**Work instructions:** Each line from the one holding "Enlarge photo 210" to the last line below must be restated word for word, and no picture may be included.

**Data section:**
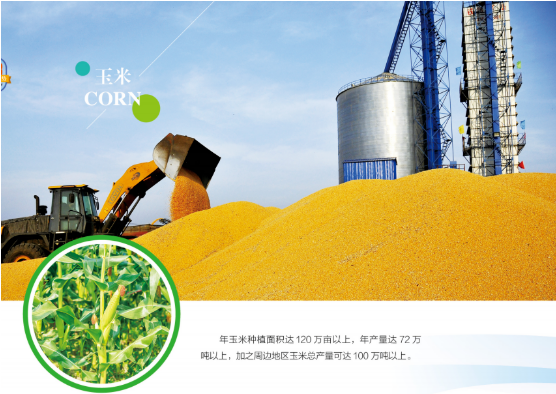 集團全力助推黑龍江嫩江市委托招商引資，以6大優(yōu)勢助推地方產(chǎn)業(yè)高質(zhì)量發(fā)展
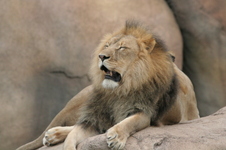 Enlarge photo 210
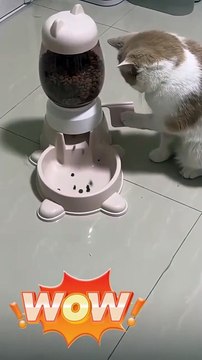 Super cute daily routine, the kitten learned to get his own food and also helped me feed the cats!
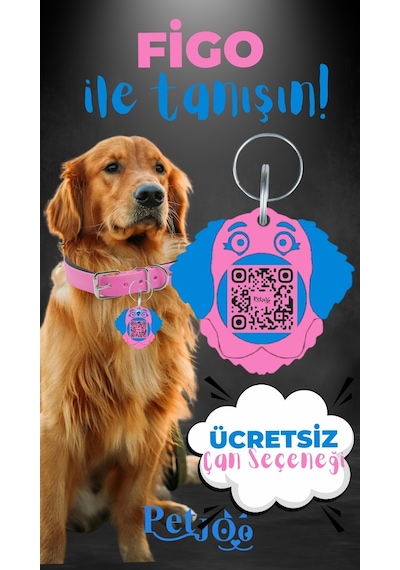 Petjoo 27.Figo Mavi-Pembe Qr'lı Köpek Künyesi
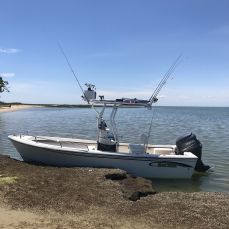 Chesapeake Coastal Charters profile photo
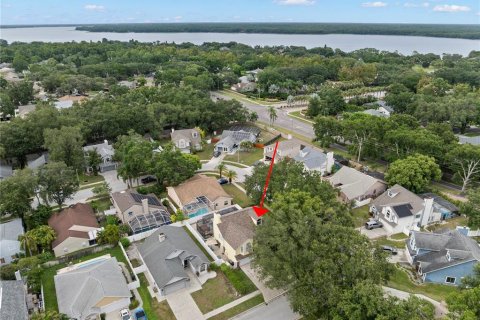House in Palm Harbor, Florida 4 bedrooms, 216.65 sq.m. № 1869795 - photo 8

**Exercise response:**
 Enlarge photo 210
 Super cute daily routine, the kitten learned to get his own food and also helped me feed the cats!
 Petjoo 27.Figo Mavi-Pembe Qr'lı Köpek Künyesi
 Chesapeake Coastal Charters profile photo
House in Palm Harbor, Florida 4 bedrooms, 216.65 sq.m. № 1869795 - photo 8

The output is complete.